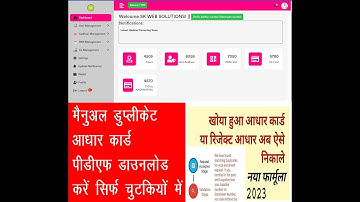 Manual aadhar duplicate | how to get aadhar card pdf from aadhar manual duplicate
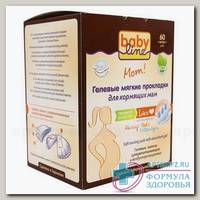 BABYLINE Mom LUX Гелевые прокладки для груди, 60 шт N 1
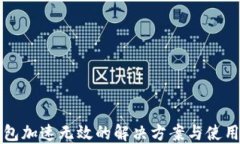 TP钱包加速无效的解决方案与使用指南
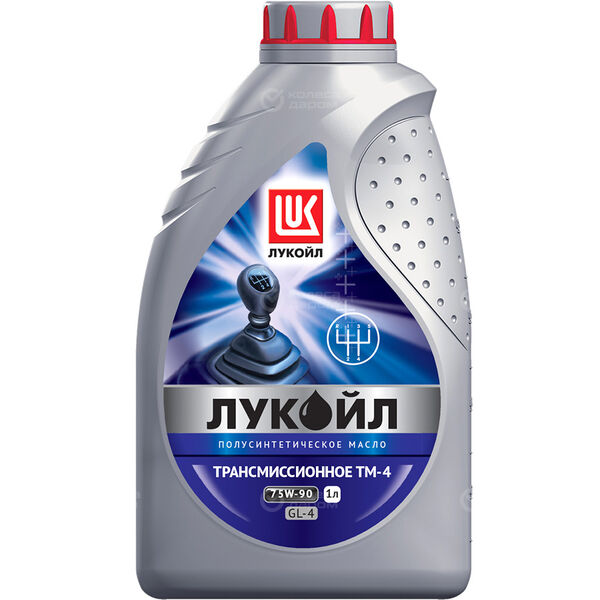Трансмиссионное масло Lukoil ТМ-4 75W-90, 1 л в Туймазах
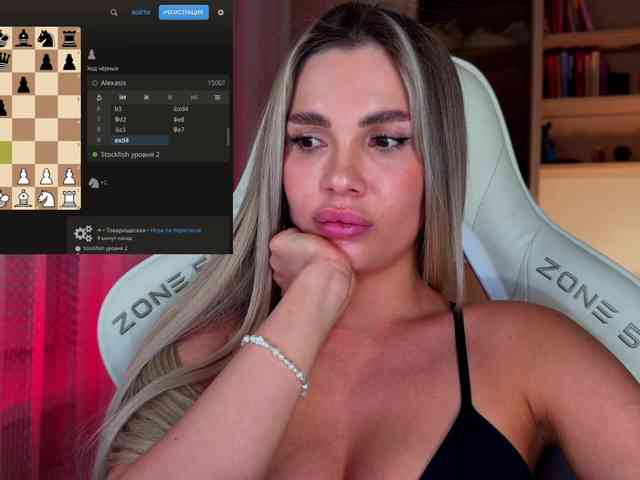 AlexaS_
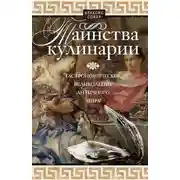 Постер книги Таинства кулинарии. Гастрономическое великолепие Античного мира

## Directions
Every line of the listing is to be repeated exactly, and the pictures are to be dropped.

## Exercise output
 Manual aadhar duplicate | how to get aadhar card pdf from aadhar manual duplicate
 BABYLINE Mom LUX Гелевые прокладки для груди, 60 шт N 1
 TP钱包加速无效的解决方案与使用指南
Трансмиссионное масло Lukoil ТМ-4 75W-90, 1 л в Туймазах
 AlexaS_
 Постер книги Таинства кулинарии. Гастрономическое великолепие Античного мира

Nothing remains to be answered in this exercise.